I thought for most Venezuelans (like for me) it is particularly interesting: chances of getting this or that major "origin" region (and even continent) are big (even if there are the usual clear tendencies on the male or female side, in either case there are other good possibilities).
Also: we get to know more or less from the haplogroups where two of our (many) ancestors were in 1498 (first time Europeans arrived in America).

I agree with you the closest matches are to be taken with a pinch of salt. In my case I have seen quite some 11-foci-matches who are Italians, but also people from Germany and Eastern Europe (with references to "Jew" background) and one from Lebanon and Syria and even one Norwegian case and one Brit.
That just means they may be related like 2000 years ago.
In any case, the language AND the money make for a big bias.
If the database were from the general population in each country I would be getting more from Spain and the whole Mediterranean.

For me it is curious the genetic differences are not bigger for the Basques, their language being what it is, I would have expected even a V-haplogroup :-)
Still, when could the blood type differences have appeared? Blood is another matter and pretty vague tool (if at all) for backtracking populations, but perhaps it tells something about the Basques. Doesn't it?

Maju said...

Let's see: Basques, Gascons, Irish, Welsh, Scotts, Cornish and Bretons show a homogeneous pattern in relation to other European populations having both greater Rh- and greater Y-DNA R1b. This is generally considered as a persistence of what was once much more common throught Europe and specially Western Europe.

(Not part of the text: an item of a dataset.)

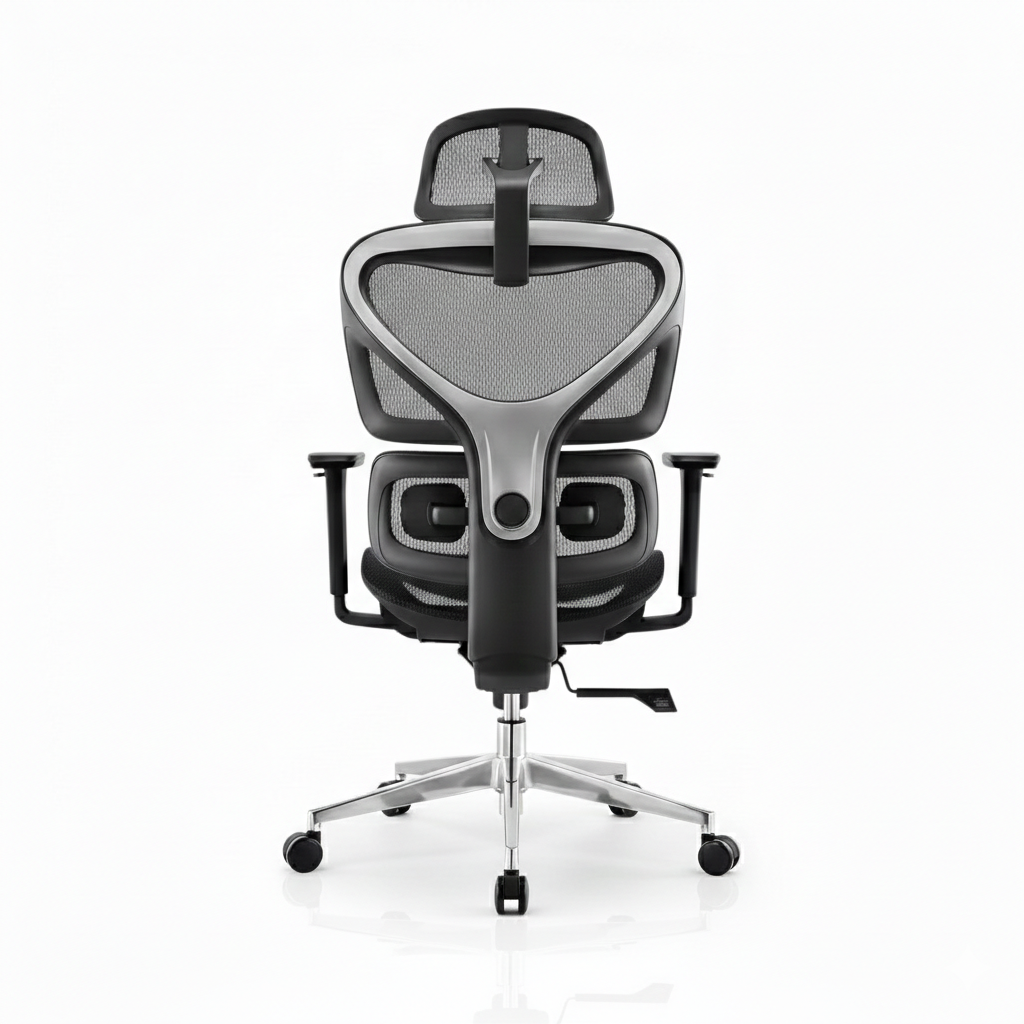 Siège de bureau ergonomique vue arrière montrant la structure en aluminium brossé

In other words: these Atlantic peoples are significatively less mixed with the post-Neolithic immigrants from Eastern Europe, West/Central Asia and North Africa.

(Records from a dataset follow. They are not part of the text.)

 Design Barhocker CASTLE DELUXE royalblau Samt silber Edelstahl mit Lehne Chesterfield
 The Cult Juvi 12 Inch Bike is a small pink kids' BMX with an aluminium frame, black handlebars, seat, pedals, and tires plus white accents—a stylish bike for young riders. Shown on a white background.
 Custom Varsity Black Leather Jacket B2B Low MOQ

You should not expect to find anything exclussive of them but just greater levels of what is older: of the substrate elements that now are somewhat more diluted in other parts of Western, Central and Northern Europe. In American "race speech": we are the "natives" and they are the "mestizos", so to say.

Anyhow, back to your main question: many Ashkenazi Jews may have Iberian ancestors and also both Ashkenazi and Sephardic Jews may have sprung from a common origin in Anatolia - with whatever other elements they have picked along their migrations and proselytist activities. Of course many, possibly most, of the Jews and Muslims who lived in Iberia in 1492-93 reluctantly converted and assimilated, not without difficulties. Muslims were surely most of native Iberian ancestry but Jews maybe not so much, at least by paternal lineage. As you may know the persecution against fake converts (despectively called "marranos") continued for some time at the hands of the Holy Inquisition, notably under that infamous half-Jew: Tomás de Torquemada, so many chose to emigrate to America, where they surely found better opportunities.

Still the connection, as you say, may be older and much more diffuse. Probably Jews are just highly oversampled, while other J2 carriers, mostly Mediterranean peoples, are instead undersampled. Do you know if your lineage is J2a or J2b? I'd say that J2b has much better chances of being ancient European, while J2a instead looks Neolithic/post-Neolithic to me.